Jim Schutt Dec. 11, 2012, 4:33 p.m. UTC | #1
On 12/09/2012 07:04 AM, Liu Bo wrote:
> On Wed, Dec 05, 2012 at 09:07:05AM -0700, Jim Schutt wrote:
>> > Hi,
>> > 
>> > I'm hitting a btrfs locking issue with 3.7.0-rc8.
>> > 
>> > The btrfs filesystem in question is backing a Ceph OSD
>> > under a heavy write load from many cephfs clients.
>> > 
>> > I reported this issue a while ago:
>> >   http://www.spinics.net/lists/linux-btrfs/msg19370.html
>> > when I was testing what I thought might be part of the
>> > 3.7 btrfs patch queue, using Josef Bacik's btrfs-next tree.
>> > 
>> > I spent some time attempting to bisect the btrfs patch queue
>> > just before it was merged for 3.7, but got nowhere due to
>> > false negatives.
>> > 
>> > I've just been able to get back to testing 3.7-rc, and found
>> > that I can still trigger the issue.
> Hi Jim,
> 
> Could you please apply the following patch to test if it works?

Hi,

So far, with your patch applied I've been unable to reproduce
the recursive deadlock.  Thanks a lot for this patch!
This issue has been troubling me for a while.

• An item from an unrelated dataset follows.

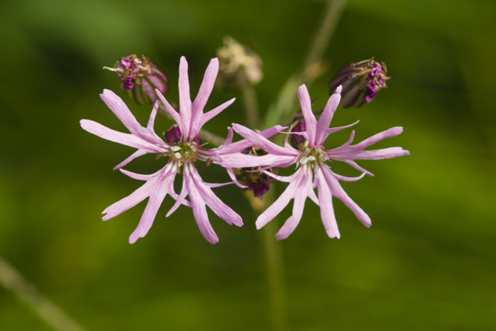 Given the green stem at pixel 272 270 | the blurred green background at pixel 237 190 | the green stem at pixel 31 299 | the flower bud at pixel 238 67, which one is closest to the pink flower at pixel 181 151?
the green stem at pixel 272 270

I've been trying to learn more about btrfs internals -
if you have the time to answer a couple questions about
your patch, I'd really appreciate it.

> 
> (It's against 3.7-rc8.)
> 
> diff --git a/fs/btrfs/extent-tree.c b/fs/btrfs/extent-tree.c
> index 3d3e2c1..100289b 100644
> --- a/fs/btrfs/extent-tree.c
> +++ b/fs/btrfs/extent-tree.c
> @@ -3346,7 +3346,8 @@ u64 btrfs_get_alloc_profile(struct btrfs_root
> *root, int data)
>  
>  	if (data)
>  		flags = BTRFS_BLOCK_GROUP_DATA;
> -	else if (root == root->fs_info->chunk_root)
> +	else if (root == root->fs_info->chunk_root ||
> +		 root == root->fs_info->dev_root)
>  		flags = BTRFS_BLOCK_GROUP_SYSTEM;
>  	else
>  		flags = BTRFS_BLOCK_GROUP_METADATA;
> @@ -3535,6 +3536,7 @@ static u64 get_system_chunk_thresh(struct
> btrfs_root *root, u64 type)
>  		num_dev = 1;	/* DUP or single */
>  
>  	/* metadata for updaing devices and chunk tree */
> +	num_dev = num_dev << 1

AFAICS this is doubling the size of the reserve, which
reduces the chance of a recursive do_chunk_alloc(), right?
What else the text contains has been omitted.